Belgian federal committee rules against ritual circumcision
Posted: Wed, 27 Sep 2017 17:16
A Belgian federal government committee has ruled against the circumcision of infant boys for reasons other than medical necessity.
The Committee for Bio-Ethics ruled that bodily integrity was more important than religious faith.
"As circumcision is irreversible and therefore a radical operation, we find the physical integrity of the child takes precedence over the belief system of the parents," said Marie-Geneviève Pinsar, the committee's chair.
The committee was responding to a question posed by a group of doctors from Brussels in 2014. It said it took three years to make its decision because of the question's religious and cultural importance. Estimates in Belgium suggest 15% of men are circumcised.
The decision will not be binding in law, but it adds to the growing weight of medical opinion against unnecessary male circumcision. In 2010 the Royal Dutch Medical Society (KNMG) advised doctors to discourage parents from having their sons circumcised, urging "a strong policy of deterrence".
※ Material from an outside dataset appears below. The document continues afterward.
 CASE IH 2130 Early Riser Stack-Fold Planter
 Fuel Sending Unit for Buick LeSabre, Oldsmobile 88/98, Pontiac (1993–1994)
It said "non-therapeutic circumcision of male minors is a violation of children's rights to autonomy and physical integrity" and added that the procedure can cause complications including bleeding, infection, urethral stricture and panic attacks.
KNMG said any medical advantages of circumcision were significantly outnumbered by the risks and other disadvantages, such as the loss of up to 30% of erogenous tissue.
In 2013 an international group of physicians criticised the American Academy of Paediatrics for promoting infant male circumcision. The Council of Europe adopted a non-binding resolution advising member states not to allow the ritual circumcision of children unconditionally, at least for very young children. The Scandinavian children's ombudsmen issued a joint statement saying children should be allowed to choose for themselves.
And in 2016 the Danish Medical Association said circumcision should only be performed with "informed consent".
Children's right to physical integrity and protection from physical injury is protected by the International Treaty on the Rights of the Child.
The National Secular Society is committed to ending non-consensual surgery on children when it is performed for religious rather than medical reasons. Antony Lempert, of its Secular Medical Forum, commented:
"The decision by the Belgian government's ethics committee is a welcome addition to the growing international consensus that the surgical assignation of a child's genitals with the religious or cultural preferences of their parents violates medical ethics, even when the child is a boy born into a Jewish or Muslim community.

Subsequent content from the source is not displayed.